- Opening title
- Directed by: Brian Desmond Hurst
- Written by: Dudley Leslie Marjorie Deans Jack Davies Geoffrey Kerr
- Based on: play The Tenth Man by W. Somerset Maugham
- Produced by: Walter C. Mycroft
- Starring: John Davis Lodge Antoinette Cellier Athole Stewart
- Cinematography: Walter J. Harvey
- Edited by: James Corbett
- Music by: Harry Acres (uncredited)
- Production company: British International Pictures
- Distributed by: Wardour Films (UK)
- Release date: 12 August 1936 (London);
- Running time: 68 minutes
- Country: United Kingdom
- Language: English

= The Tenth Man (1936 film) =

The Tenth Man is a 1936 British drama film directed by Brian Desmond Hurst and starring John Davis Lodge, Antoinette Cellier and Athole Stewart. It was written by Dudley Leslie, Marjorie Deans, Jack Davies and Geoffrey Kerr based on the 1910 play The Tenth Man by W. Somerset Maugham.

==Plot==
George Winter is a self-made businessman and M.P., who lets nothing stand in the way of his ambition, believing that nine out of ten men are rogues or fools. Whenever Winter meets a rival who can't be bought, he destroys them through methods both legal and underhand. His wife Catherine is intent on divorce, but with the scandal potentially damaging to his election campaign, Winter blackmails her into staying with him. Then, Winter meets his 'tenth man': Jim Ford, a victim who refuses to be silenced by threat or bribery, who has the power to expose one of Winter's shady gold mine deals, and bring his house of cards crashing down.

==Cast==
- John Davis Lodge as George Winter
- Antoinette Cellier as Catherine Winter
- Athole Stewart as Lord Etchingham
- Clifford Evans as Ford
- Iris Hoey as Lady Etchingham
- Aileen Marson as Anne Echingham
- Frank Cochrane as Bennett
- George Graves as Colonel Trent
- Bruce Lester as Edward O'Donnell
- Barry Sinclair as Robert Colby
- Antony Holles as Swalescliffe
- Aubrey Mallalieu as bank manager

==Critical reception==
The Monthly Film Bulletin wrote: "This film hasa clear-cut, dramatic story, and is quick-moving with vigorous action. It is, however, unequal and there are weak patches. The tone is cynical, and the characters mainly unsympathetic. John Lodge proves himself a really fine actor in an impressive and effective character study."

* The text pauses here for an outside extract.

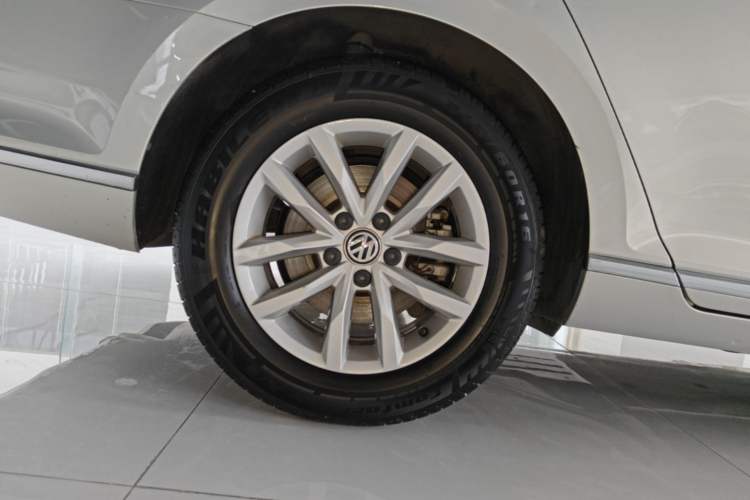 Used Volkswagen Magotan 2019 280TSI DSG Comfort Model China VI Standard Right Rear Wheel Hub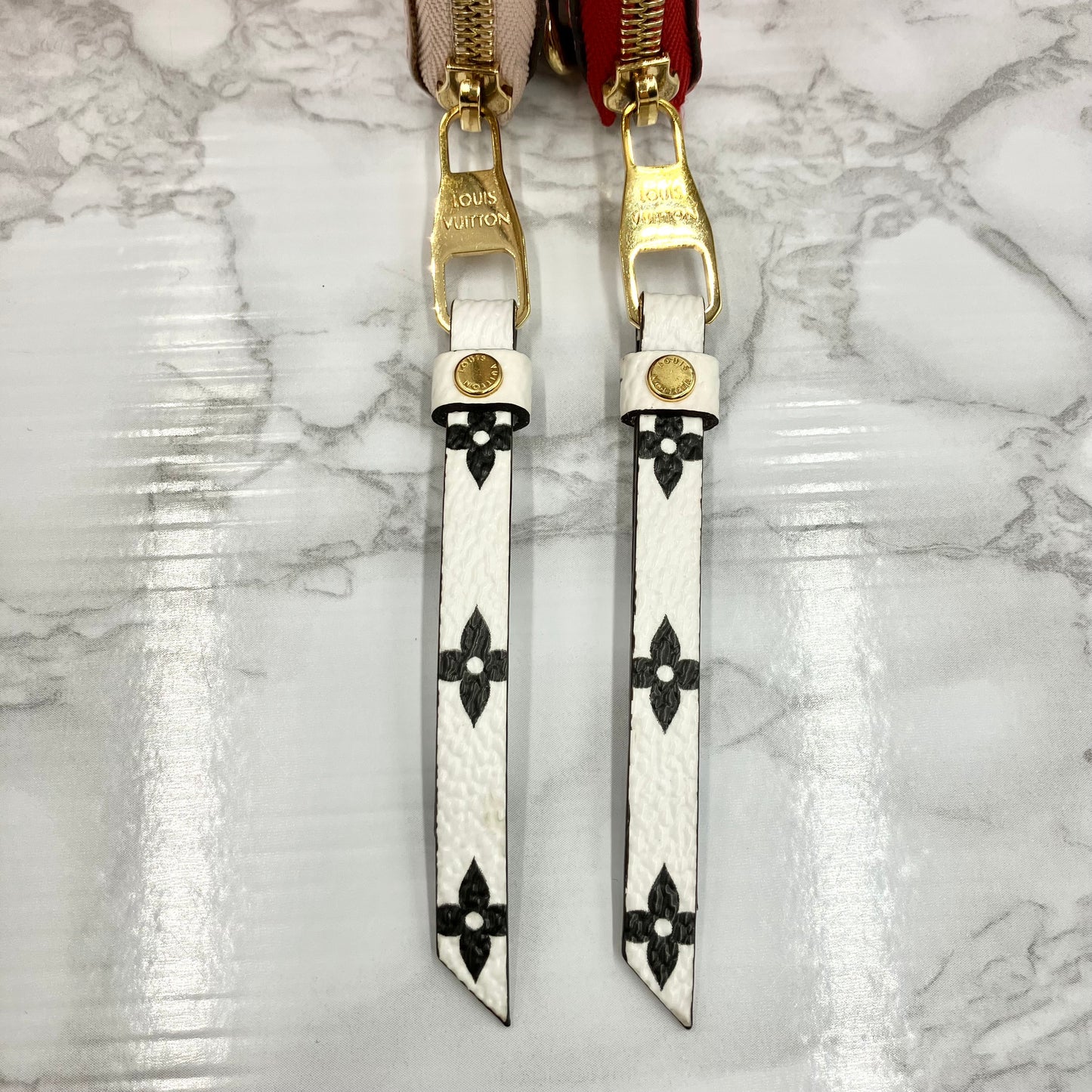 LOUIS VUITTON Pochette Double Zip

Writing for The Spectator in 1936, Graham Greene gave the film a good review, lauding director Hurst for his "well-directed film" and noting that "there was nothing in Mr Hurst's two previous films, Riders to the Sea and Ourselves Alone, to show him capable of these humorous and satirical political sequences, and the very fine melodramatic close". Greene's only complaint was directed to the acting of actor Lodge whose performance appeared stiff.

TV Guide gave the film two out of five stars, calling it "An intriguing drama. ... Cleverly written from a play by W. Somerset Maugham."